By the fourth century, the Christian expectation of Jesus’ imminent return had waned. The church was no longer a persecuted minority in a hostile Roman empire. Indeed, soon after the emperor Constantine’s conversion to Christianity, Christianity became the official religion of the empire and, at least nominally, Christian religion enjoyed majority status.

In such a context, it may have been inevitable that Christians came to recognize military participation as a legitimate expression of discipleship.

Now that the instruments of earthly authority were in their hands (rather than dripping with their blood!), they inevitably asked about the appropriate use of those instruments in the service of order and justice.
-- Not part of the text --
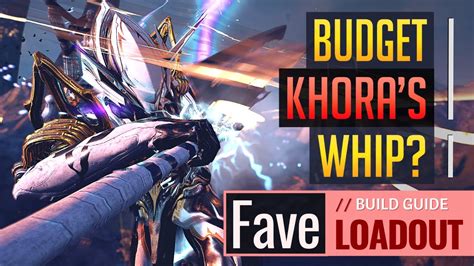 Warframe MY FAVOURITE RED CRIT LOADOUT Budget Khora S Whip YouTube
Not surprisingly, they came to feel a sense of responsibility that was not theirs before and to question whether prayer was an adequate Christian contribution to the welfare of the empire as they had believed earlier.

What developed over the centuries was a set of criteria for determining when it is appropriate for those in authority to go to war (just ad bellum) and what moral restraint should be shown in the waging of war (jus in bello).

The starting point for thinking about when it is appropriate to go to war was the idea of legitimate authority.

Only those with authority (from God?) for public order could wage war. Private violence, or violence in the service of individual interests continued to be condemned, but war as instrument of those charged with responsibility for public order and justice was recognized as morally appropriate.

Prior to the democratic revolutions and the development of democratic ideas about legitimacy, there was a strong presupposition of individual obedience to the authorities.

The authorities decided when war was just; individual citizens obeyed.  Matters are complicated somewhat by modern ideas about governmental authority arising from the consent of the governed.

In a democratic society, broad public support for war is not just a practical matter; since the legitimacy of the government depends on the consent of the governed, some would argue that war without broad public support is not waged with legitimate authority.

The just war tradition insisted that war could only be waged for a “just cause” and not simply to protect and promote the interests of some party or even of the nation as a whole.

Surely, war cannot be waged for the purpose of building or expanding an empire.  In the words of the U. S. Conference of Catholic Bishops “force may be used only to correct a grave, public evil, i.e., aggression or massive violation of the basic rights of whole populations.”

As well, the tradition insists that a nation can only wage war with a “right intention,” that is, motivated by the just cause and with the goal of achieving a just peace.

War fought out of hatred for the enemy and when expressed justifying causes are merely a mask for ulterior interests and motives is ruled out.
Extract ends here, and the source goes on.